● PROBLEM DETAILS:
Each line in the material below, starting at the one that contains "First Edition That" and ending at the one that contains "ディズニーランドの通販で購入できる文房具（イメージ）", should be repeated exactly; the pictures should not.

● MATERIAL FOR THIS EXERCISE:
○ ○ ○

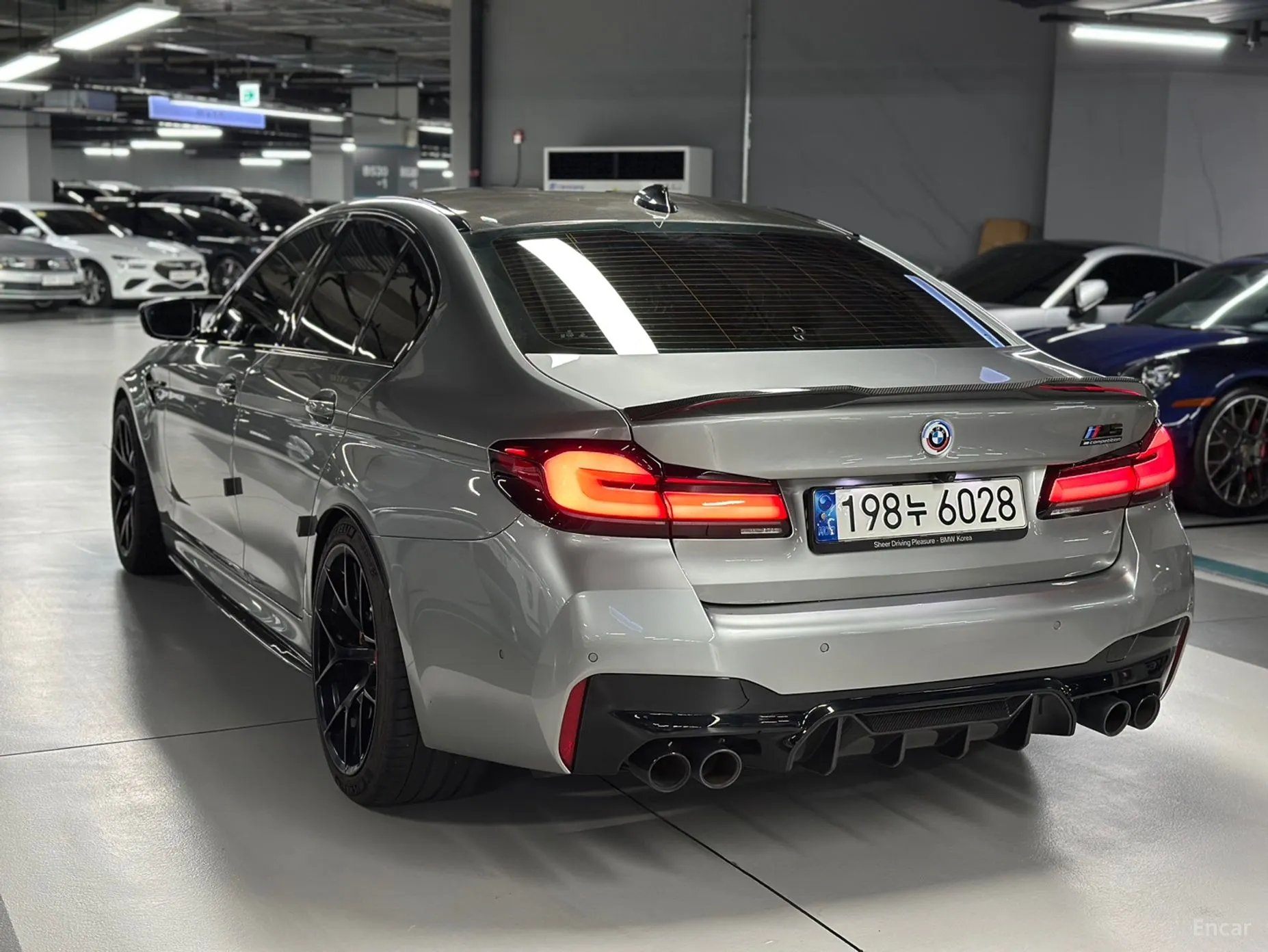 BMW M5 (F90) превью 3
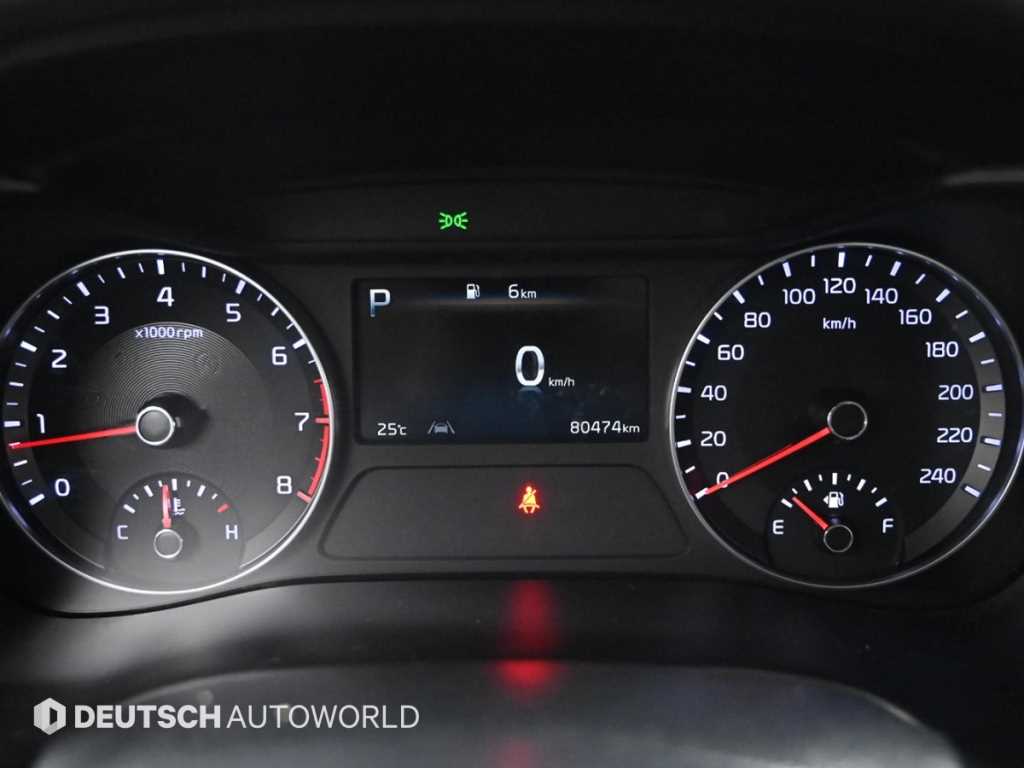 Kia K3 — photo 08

○ ○ ○

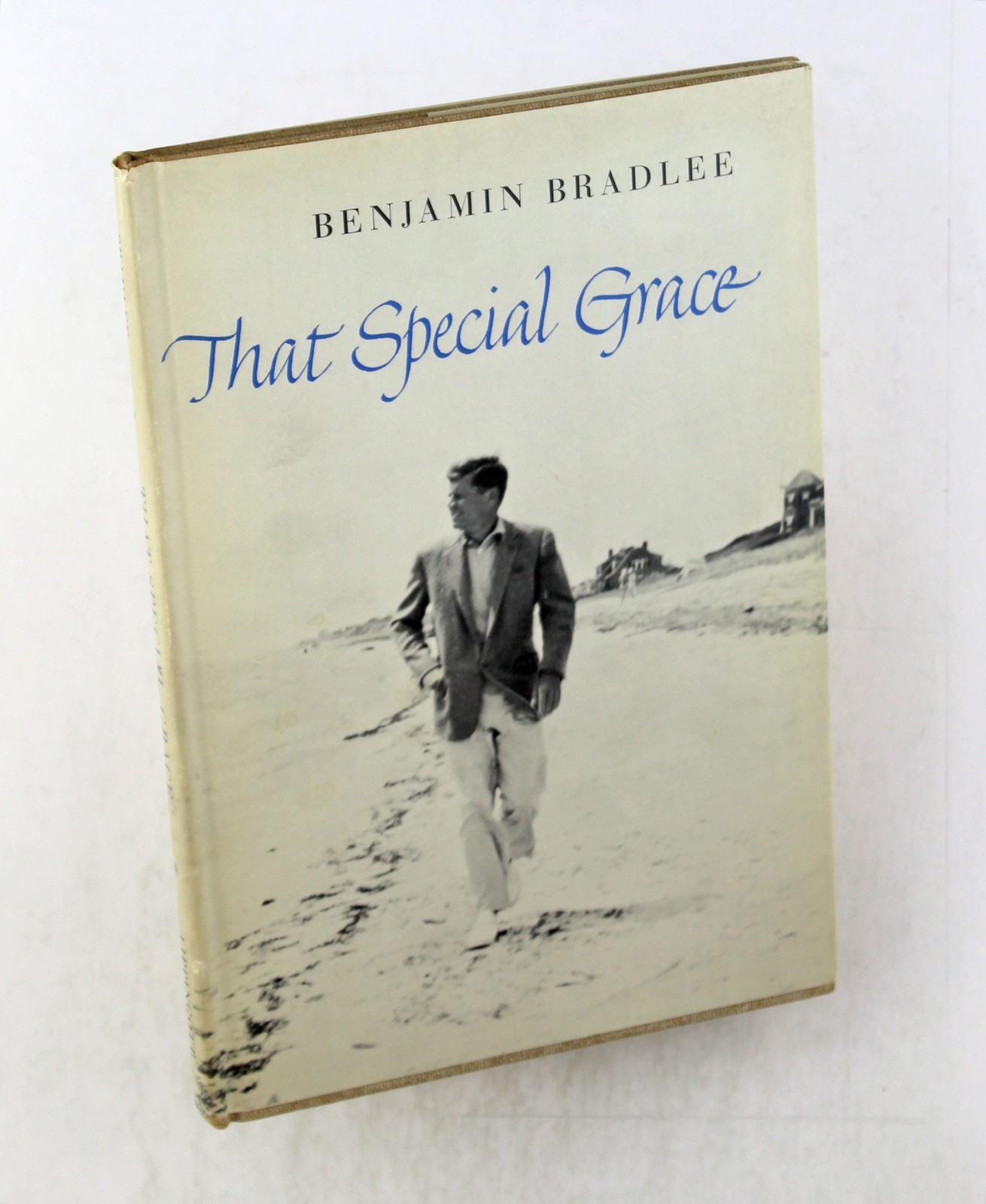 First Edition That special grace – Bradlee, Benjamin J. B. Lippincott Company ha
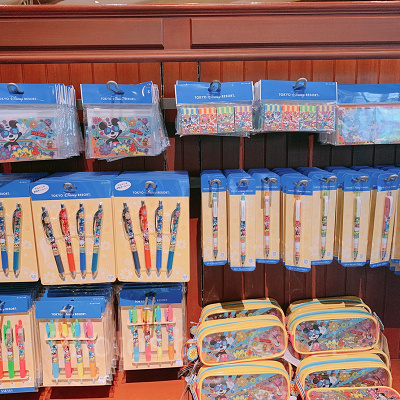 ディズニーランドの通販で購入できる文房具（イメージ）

○ ○ ○

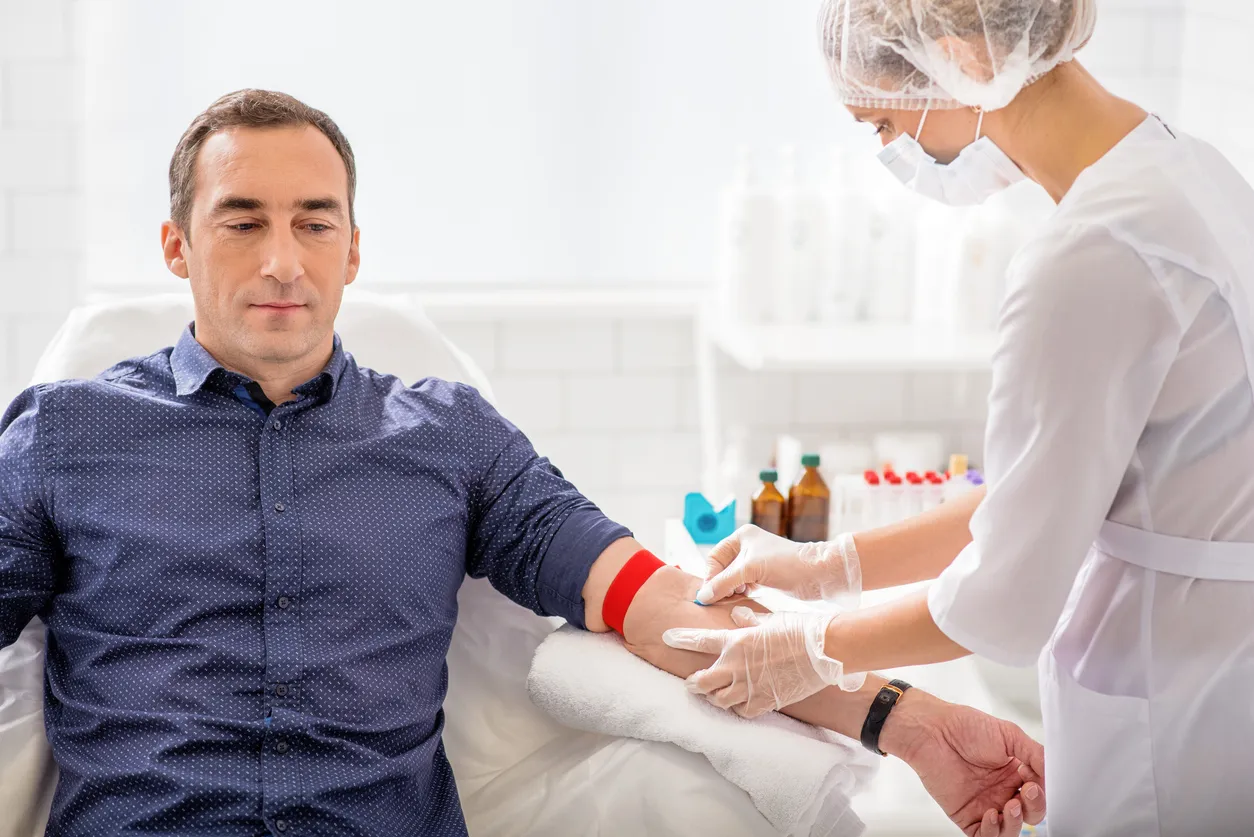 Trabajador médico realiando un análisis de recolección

○ ○ ○

● SOLUTION TO THIS EXERCISE:
 First Edition That special grace – Bradlee, Benjamin J. B. Lippincott Company ha
 ディズニーランドの通販で購入できる文房具（イメージ）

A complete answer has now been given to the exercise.